I decided I should start writing about some of my findings in the CRL or in my homelab when it is relevant to what we do here. It would be beneficial to those looking to learn more about working with server software and hardware.
This is NOT meant to scare anyone off, even if sometimes these turn into miniature rants. I’ll try my best to explain my thought process and troubleshooting.
Some of these things I will try to cross-post on my own website at https://jtcressy.net
Somehow, the vcenter server magically stopped starting the vpxd service. Rather, I found this out after suddenly getting 503 errors for the vpxd webserver pipe when trying to access the main web client. Starting it manually just resulted in it crashing repeatedly. (You can SSH into the vcenter appliance with the root account and run ‘service-control –start vmware-vpxd’ or get it’s status by running ‘service-control –status vmware-vpxd’).

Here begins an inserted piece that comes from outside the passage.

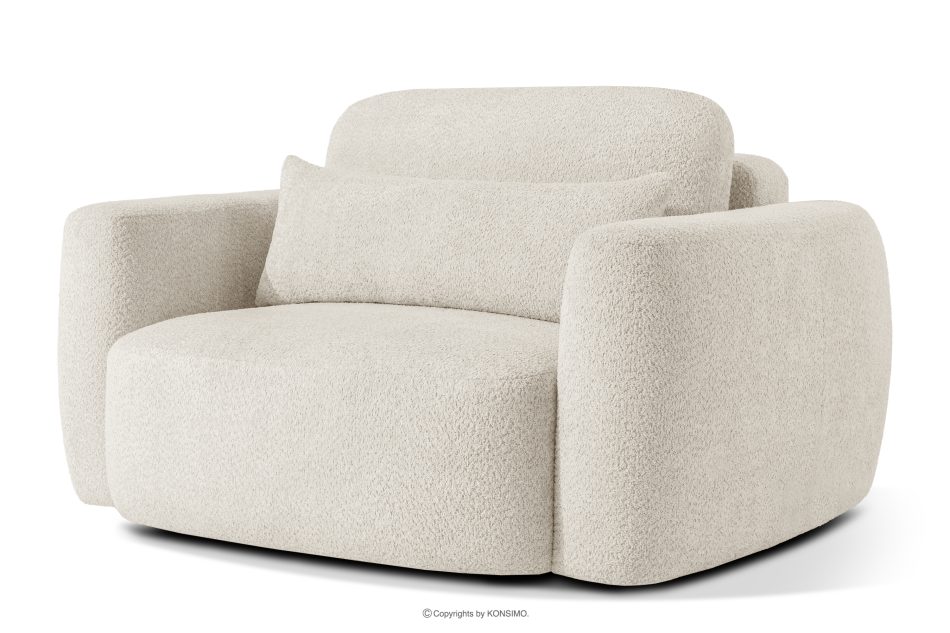 ELOSA Sofa und Sessel im Japandi-Stil aus weißem Bouclé-Stoff weiß - Foto 17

What I needed to do was go look at the logs. After a bit of googling, I found out that they were located in /var/log/vmware/vpxd/vpxd.log. I would recommend looking at the log with either ‘less’ or ‘vim’ so that you can scroll up aswell as down. You can also look for the word ‘error’ by typing ‘?error’ in vim or less. It should just be at the bottom of the log since it dumps a crash report and dies. I found some key words in the error such as “pk_vpx_vm_virtual_device” right after the words “duplicate key value violates unique constraint”.
Googling this for a little while gave me this:
- This is a bug in 6.5 that is fixed if you are updated to 6.5b (wasnt quite up to date yet, lol)

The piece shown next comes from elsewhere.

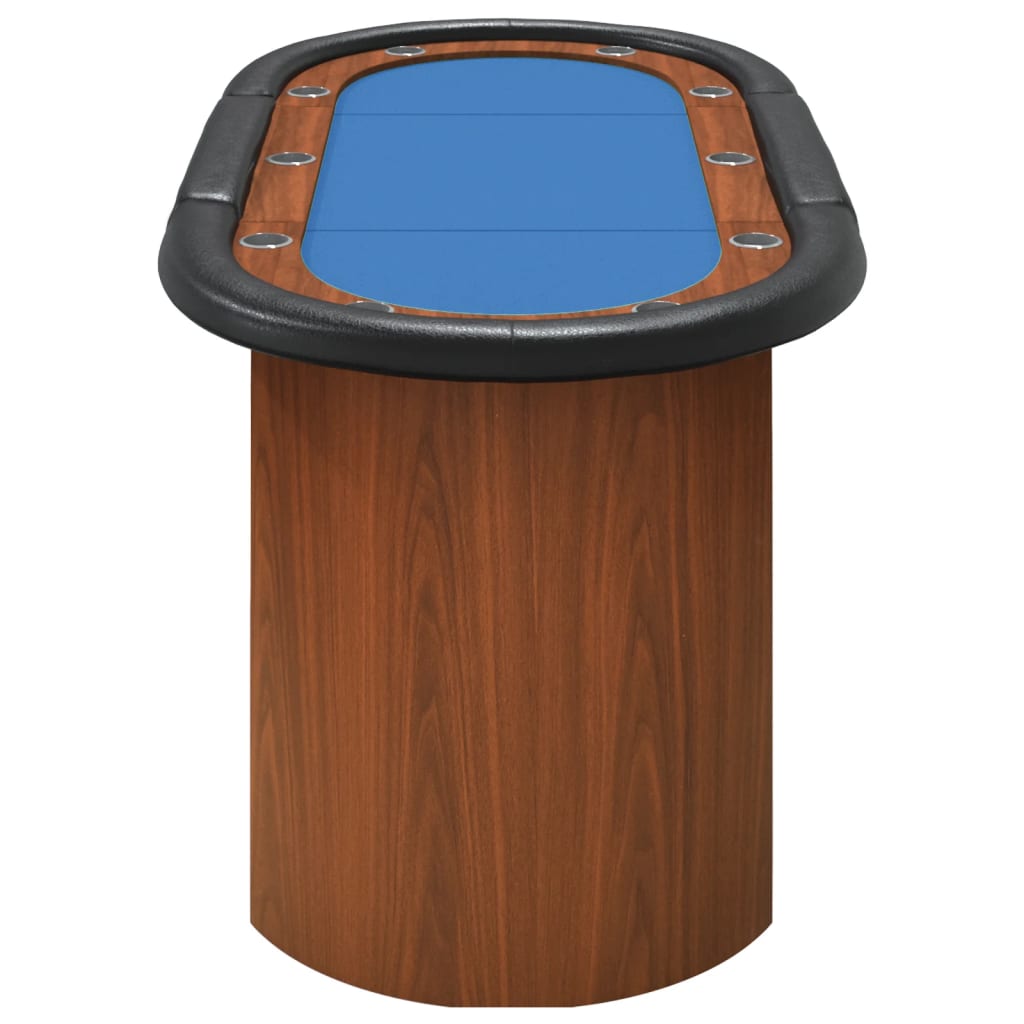 vidaXL Pokerio stalas, mėlynos spalvos, 160x80x75cm, 10 žaidėjų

- Vmware is trying to add its inventory to the database and is failing because an entry is already there
- Usually a result of changing a vm while vcenter is down or offline. It could even be as small as powering on or off a vm.
- Workaround is to remove the offending VM from the inventory of the host it’s residing on and re add it later once vcenter is working
One small problem: I have no idea what VM it is.
Now, i looked up a little further to find out what data it was trying to write to the table. I saw somewhat useless information like what type of device it was and other variables for the device, but I wanted to find a field that linked it back to the main virtual machine, that turned out to be the ID field.
So, ok, we have a VM ID, but how do we find out what vm it is? the hosts don’t keep a record of what ID a vm has in vcenter. This ID also pertains to what vmware calls a “Managed Object Reference”. For example, vmrc url’s use “?moid=vm-xxx” to specify what vm to connect to over vmrc. Thus, i need to query the database for the VM id in that field.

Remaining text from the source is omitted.